Feeling a little self-conscious as you take it to the till is natural, but assume a suitably serious and (hopefully) intellectual expression, trying to demonstrate to the cashier that you’re not just buying this notorious novel for the rude bits, oh no, you’re buying it for…alright, for the rude bits.
Having known about all the controversy that surrounded its release, its subsequent ban and eventual reinstating, I was incredibly curious to experience the novel for myself. Would I, the product of an overly-sexualised generation, find it at all shocking? Or merely quaint that people could have been so appalled by such things last century?

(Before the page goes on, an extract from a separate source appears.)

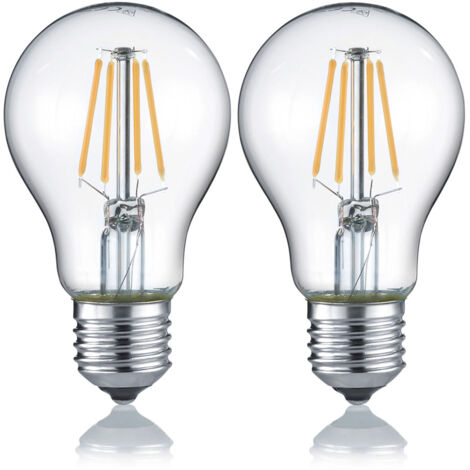 Ampoule, Lot 2 ampoules E27 led 3000K 4W  en Verre, TRIO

Set in post-First World War England, the story focuses on young Constance Chatterley, who seeks refuge from her unhappy marriage to her paralysed upper-class husband in the arms of her brooding and strapping gamekeeper, Oliver Mellors.
On reading the preface, I discovered that Lawrence was a keen advocate of anal sex and liked to tell all his friends about his wife’s sex life with a strapping Italian. Lovely. The book itself is basically a big advert for sex, Lawrence stating in the preface that fucking was the only way to make England ‘great again.’ Freud might have had something to say about that.

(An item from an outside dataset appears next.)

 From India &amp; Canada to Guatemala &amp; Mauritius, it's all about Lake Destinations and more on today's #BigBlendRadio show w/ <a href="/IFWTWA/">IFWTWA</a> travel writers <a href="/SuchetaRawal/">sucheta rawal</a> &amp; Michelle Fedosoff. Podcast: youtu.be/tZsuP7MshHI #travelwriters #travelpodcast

Whenever reading a book, there are usually one or two powerful moments that stick in the mind and will not be forgotten, although other parts will. With Lady Chatterley’s Lover, it’s when Constance Chatterley runs outside in the rain completely naked, rejoicing in her freedom, her life and the fetters of convention falling away. Weirdly, it made me feel like going outside in the rain naked myself, although I refrained for the sake of my neighbours.
So, the notorious sex scenes then. As a teenager brought up on bodice rippers, they weren’t as shocking as I had expected, although I was a little taken aback by the direct, frequent and unabashed uses of ‘cunt’ and ‘fucking’. Even in today’s literature, efforts are made to make more subtle and less blunt references to sex. That is the power of it. Lawrence’s (very valid) point here is that words are, well, just words. Taken out of context they mean absolutely nothing and it’s bewildering at how much these words are taboo when they’re just sounds coming out of someone’s mouth.
If you’re looking for some hard-core sex scenes that practically jump off the page, perhaps look somewhere else. There is so much more to Lady Chatterley’s Lover than the notoriety, a tale of challenging social norms, freeing yourself from the bonds of convention and returning to nature, a lesson that all of us, in this age of industry and technology, should consider.